Through this study, von Meyenn and his colleagues wanted to figure out if a chronic condition like obesity would change the way in which adipose tissue reacts to external factors and, if so, if those changes were permanent or reversible.
“A well-documented observation is that the body tends to defend increased body weight, making weight loss and maintenance notoriously challenging,” von Meyenn pointed out, referring to phenomena like yo-yo dieting, which has, in turn, been linked to a heightened cardiovascular risk.
The researcher and his colleagues hypothesized that “this could be due to a type of ‘metabolic memory,’ where the body remembers and strives to return to its former state of obesity.”
To prove this hypothesis, the researchers, in the first instance, analyzed adipose tissue from overweight mice, as well as from mice that had shed the extra weight.
“We have found that adipocytes carry a ‘memory’ of obesity even after significant weight loss,” von Meyenn.
“In mouse adipocytes [fat cells] we find that this memory is encoded in the epigenome, which are modifications to the DNA or the proteins that the DNA is wrapped around, controlling the activity of genes. This epigenome is changed in adipocytes of obese mice and remains changed even after weight loss,” he went on to explain.
The second stage of the study involved confirming the findings in humans by analyzing samples of fat tissue from people who had undergone bariatric surgery as a form of treatment for obesity or overweight.
“This memory seems to prepare cells to respond quicker to an obesogenic environment [environment conducive to wight gain] — say, high-sugar, high-fat food — which could be linked to regain of body weight after a diet,” von Meyenn hypothesized.
“Our study indicates that one reason why maintaining body weight after initial weight loss is difficult is that the fat cells remember their prior obese state and likely aim to return to this state. This means that one would have to ‘fight’ this obesogenic memory to maintain body weight.”
— Ferdinand von Meyenn, PhD
“From an evolutionary perspective,” said von Meyenn, maintaining a memory that facilitates regaining, rather than shedding, weight “makes sense.”
“[H]umans and other animals have adapted to defend their body weight rather than lose it, as food scarcity was historically a common challenge,” the researcher explained. “On a societal level, this could offer some solace to individuals struggling with obesity, as it suggests that the difficulty in maintaining weight loss may not be due solely to a lack of willpower or motivation, but rather to a deeper cellular memory that actively resists change.”

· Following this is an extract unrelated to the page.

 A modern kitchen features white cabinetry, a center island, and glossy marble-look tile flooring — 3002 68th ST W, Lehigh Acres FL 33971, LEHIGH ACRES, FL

One question remains, however: Can such body memories of obesity be “erased” to facilitate consistent weight loss?
This question does not, as yet, have a straightforward answer.
“Currently, there are no pharmacological interventions that are targeted against the epigenetic changes we have observed,” von Meyenn told us. “Tools are being developed that could target the epigenome, but these are very novel and have not been used in humans.”
He expressed cautious optimism that future research will bring the answers and solutions we seek:
“It is possible that maintaining a reduced or healthy body weight for long enough, is enough to erase the memory. Since metabolism is intricately involved in the regulation of the epigenome, it is also possible that certain nutritional or food supplements could help mitigate this effect. Additionally, future studies are needed to investigate whether incretin mimetics such as semaglutide can erase or modify this memory.”